Lo usiamo un po’ tutti, ma pochi lo ammettono. E i traduttori, quelli in carne e ossa, inorridiscono. Anche perché non sempre le traduzioni di Google Translate sono così corrette. Anzi. Come quando un giornalista copiò e incollò un intero testo in inglese nel traduttore. Il protagonista della storia originale era un tale Mr. King, il traduttore attribuì tutto a un re. La catastrofe si evitò con l’intervento del caporedattore.
«Google Translate non vuole competere con i traduttori di professione», spiega Barak Turovsky, head of product di Google Translate. «Il nostro obiettivo è sviluppare il prodotto più utile per le persone comuni nella vita di tutti i giorni, aiutando per esempio gli utenti dei Paesi in via di sviluppo che usano Internet per la prima volta a rompere le barriere linguistiche, o semplicemente facilitando la comunicazione durante una vacanza. È un uso diverso dalla traduzione professionale».

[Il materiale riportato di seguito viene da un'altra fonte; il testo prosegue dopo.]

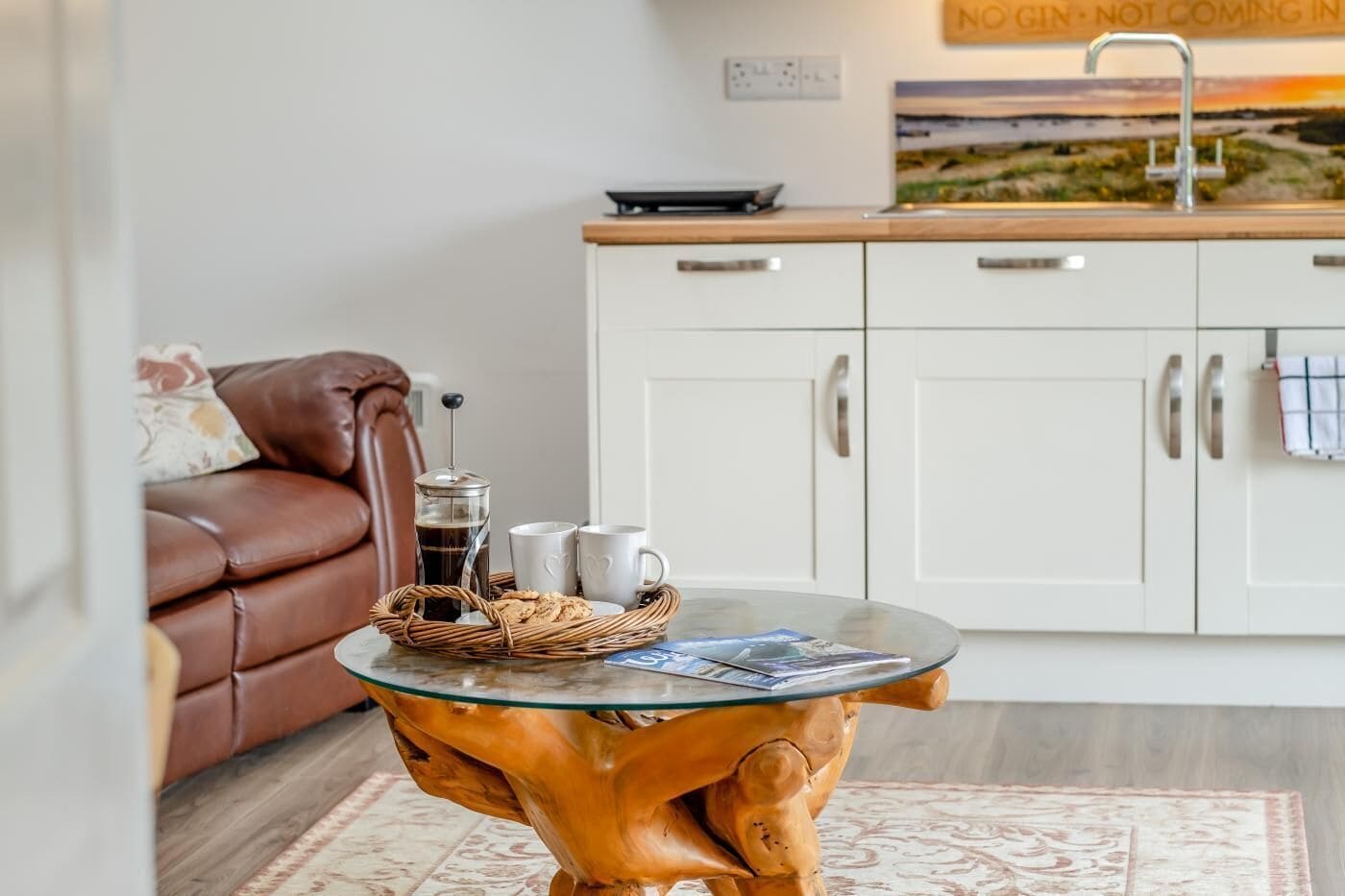 A cozy living area with a coffee table, a sofa, and a kitchen in the background.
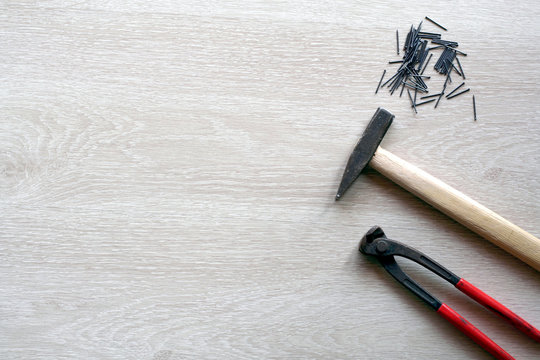 Carpenter tools with wooden background. Top view with copy space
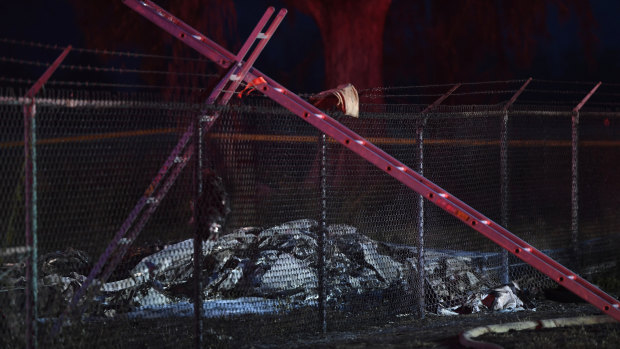 The remains of an aircraft that crashed carrying nine people lies on the ground at Dillingham Airfield.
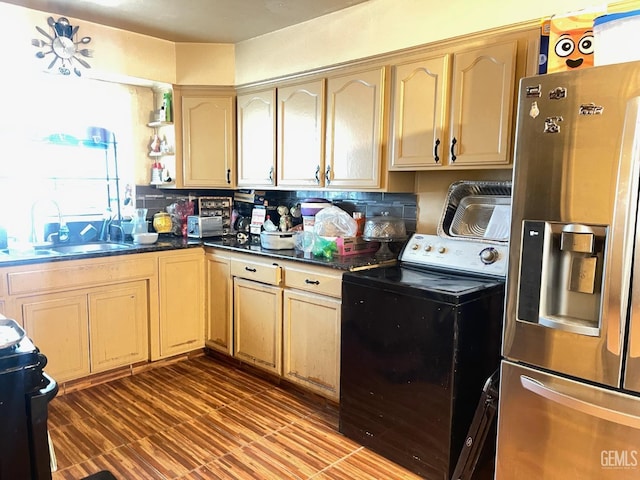 kitchen with stainless steel refrigerator with ice dispenser, light brown cabinetry, sink, and electric range oven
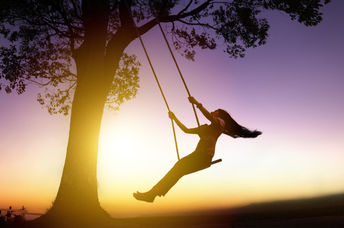 Silhouette of joyful woman on a swing with sunset background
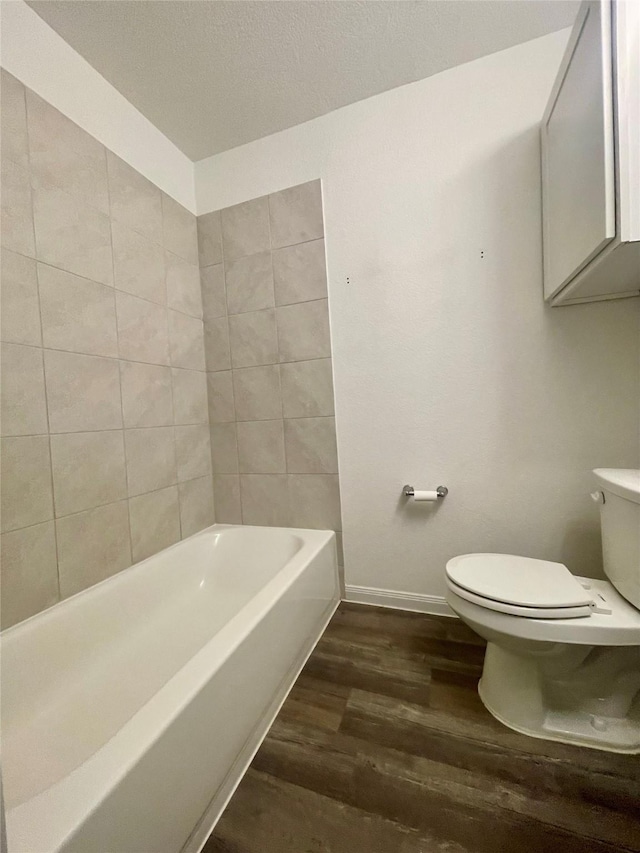 bathroom featuring toilet and wood-type flooring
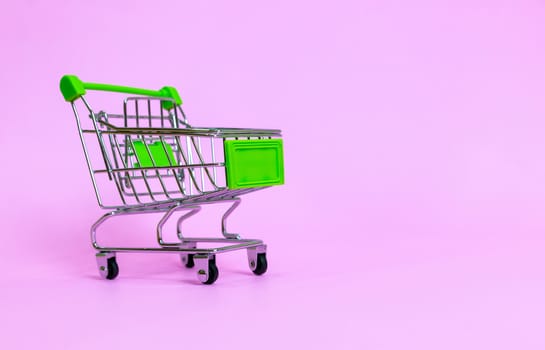 Shopping cart in the supermarket on a purple background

Eppure se si entra dentro il traduttore di Google, si scopre che gli ingranaggi che lo compongono sono tutt’altro che codici e rotelle virtuali. Le traduzioni che appaiono sul lato destro dello schermo sono il risultato di un sistema incrociato di testi già scritti e tradotti. Dai traduttori professionisti, appunto. «Translate usa una combinazione di sistemi di apprendimento automatico e intelligenze artificiali», dice Turovsky. Alla base c’è la Machine Translation, che analizza milioni di documenti sul Web già tradotti, come libri o trascrizioni che arrivano da fonti istituzionali come l’Onu, dove per i testi ufficiali vengono prodotti in lingue diverse. «I nostri computer», racconta Turovsky, «scansionano i testi e individuano i campioni statistici più significativi che collegano la traduzione con il testo originale. Questi milioni e milioni di campioni vengono poi usati dai nostri algoritmi per creare schemi per tradurre testi simili in futuro». Tradotto: se “a” più “b” nel 99% dei casi è tradotto “c”, quando devo tradurlo, privilegio “c” anziché “d”.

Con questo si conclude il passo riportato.